Sunday, November 1, 2009

Don't You Want to Spiral Into Horror?

I know I do, despite Halloween's being over. I'm thinking it's about time to revisit Ito Junji's nauseatingly good horror comic Uzumaki.


It begins with those simple words. They might lead you to expect some sort of nostalgia trip, a charmingly funny autobiographical tale of young love in a small, seaside town. But look closer. Now you begin to sense something ominous in the moody sky, a black lighthouse on a stark, rocky jetty. The girl's hair and skirt stir in a wind that must be unpleasantly cold, rather than refreshing, and we see only her back, alienating us rather than drawing us in the way an image of her face might. And the grass.
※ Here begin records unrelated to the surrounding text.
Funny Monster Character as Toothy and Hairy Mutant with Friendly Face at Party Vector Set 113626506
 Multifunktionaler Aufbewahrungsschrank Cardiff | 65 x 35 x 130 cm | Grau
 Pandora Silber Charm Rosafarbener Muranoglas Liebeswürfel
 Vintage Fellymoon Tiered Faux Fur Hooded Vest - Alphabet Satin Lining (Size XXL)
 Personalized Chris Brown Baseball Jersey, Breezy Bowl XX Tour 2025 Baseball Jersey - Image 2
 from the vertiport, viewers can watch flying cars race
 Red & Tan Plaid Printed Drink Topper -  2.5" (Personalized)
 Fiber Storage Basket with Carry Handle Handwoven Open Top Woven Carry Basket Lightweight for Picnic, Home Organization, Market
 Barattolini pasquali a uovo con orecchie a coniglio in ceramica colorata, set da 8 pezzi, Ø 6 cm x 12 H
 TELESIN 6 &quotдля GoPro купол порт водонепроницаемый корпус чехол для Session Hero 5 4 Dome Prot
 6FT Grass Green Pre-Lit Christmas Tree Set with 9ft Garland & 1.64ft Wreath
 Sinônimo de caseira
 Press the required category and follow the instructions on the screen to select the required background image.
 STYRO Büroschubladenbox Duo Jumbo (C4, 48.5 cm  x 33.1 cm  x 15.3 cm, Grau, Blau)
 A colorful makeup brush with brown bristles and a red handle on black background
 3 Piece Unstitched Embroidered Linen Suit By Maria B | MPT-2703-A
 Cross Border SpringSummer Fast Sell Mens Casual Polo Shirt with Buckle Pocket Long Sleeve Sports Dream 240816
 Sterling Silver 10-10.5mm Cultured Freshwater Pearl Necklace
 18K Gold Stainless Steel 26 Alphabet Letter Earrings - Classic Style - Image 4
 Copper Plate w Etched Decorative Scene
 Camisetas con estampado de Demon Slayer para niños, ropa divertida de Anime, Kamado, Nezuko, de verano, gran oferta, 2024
Look closely at the grass.

As I've written before, Uzumaki is the only comic I've read in years that actually scared me. And more than that, it left me feeling... well, disturbed is too strong a term... uneasy. It presents such a progression of horrors, each building on the last, I actually felt a growing dread with each story. Have you ever truly been frightened by something you've read? Horror comics-- even DC's relatively tame offerings in the 1970s-- used to keep me awake nights but years of hard living have put callouses on my imagination. I can read EC's best without flinching. Twisted Tales? Not a problem now. 30 Days of Night did nothing but disappoint me on almost every level, and while I enjoy The Walking Dead, it's more for the intense action and characterizations rather than its fright value.

But Uzumaki? Uzumaki brings back that easily creeped-out child I used to be.

I really wanted to do a Spookey Month entry on Uzumaki, but I haven't read it in several years and don't have it with me here in Japan. If I'd been smarter, I could've bought it back in September. But nope.